Integrating Speex Codec in CINEMA

Mohammad Merajul Islam Molla
Columbia University (NY)
New York, NY 10027
USA
mmm2177@columbia.edu

Abstract

CINEMA (Columbia InterNet Extensible Multimedia Architecture) is a set of SIP-based Internet multimedia servers for creating an enterprise Internet telephony and multimedia system. CINEMA has sipconf as its multimedia conferencing server. sipconf uses various multimedia (audio and video codecs) for doing multimedia conferencing. As part of my project, I supported another new audio codec called Speex in CINEMA so that sipconf can use it.

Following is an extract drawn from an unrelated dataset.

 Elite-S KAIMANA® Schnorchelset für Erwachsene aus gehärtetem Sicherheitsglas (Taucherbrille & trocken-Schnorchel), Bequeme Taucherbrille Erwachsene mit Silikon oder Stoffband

In this tutorial-like article, I describe the various steps required to support new audio codec in CINEMA. While integrating Speex, I came to find some problems with existing conference server for which 16KHz codec could not work properly. I have also described how I fixed those problems.

Introduction

CINEMA is a set of SIP-based Internet multimedia servers for creating an enterprise Internet telephony and multimedia system. CINEMA consists of sipd (SIP proxy server, redirect, and registrar server), sipconf (sip multimedia conferencing server), sipum (sip voicemail/unified messaging server), sip323 (SIP-H323 protocol translator) and rtspd (RTSP media server). It supports various audio codecs - pcmu, pcma, gsm, dvi, g722.

In this project, I have supported another new audio codec Speex. Speex is an Open Source/Free Software patent free audio compression format designed for speech. Speex is based on CELP and is designed to compress voice at bitrates ranging from 2 to 44 kbps. I supported two modes of Speex codec - narrowband (8KHz) and wideband (16KHz).

All the previous codecs supported in CINEMA were 8KHz. So integration of Speex's wideband mode made it possible to do conferencing using 16KHz codec. Also, some interesting structural problems occurred while supporting Speex's wideband mode. Since all previous codecs were narrowband, these problems did not show up before.

In the following sections of this article, I described various steps required to support a new audio codec, going through the steps that I took to support Speex. I also described how I fixed those problems with CINEMA to make Speex's wideband mode work properly.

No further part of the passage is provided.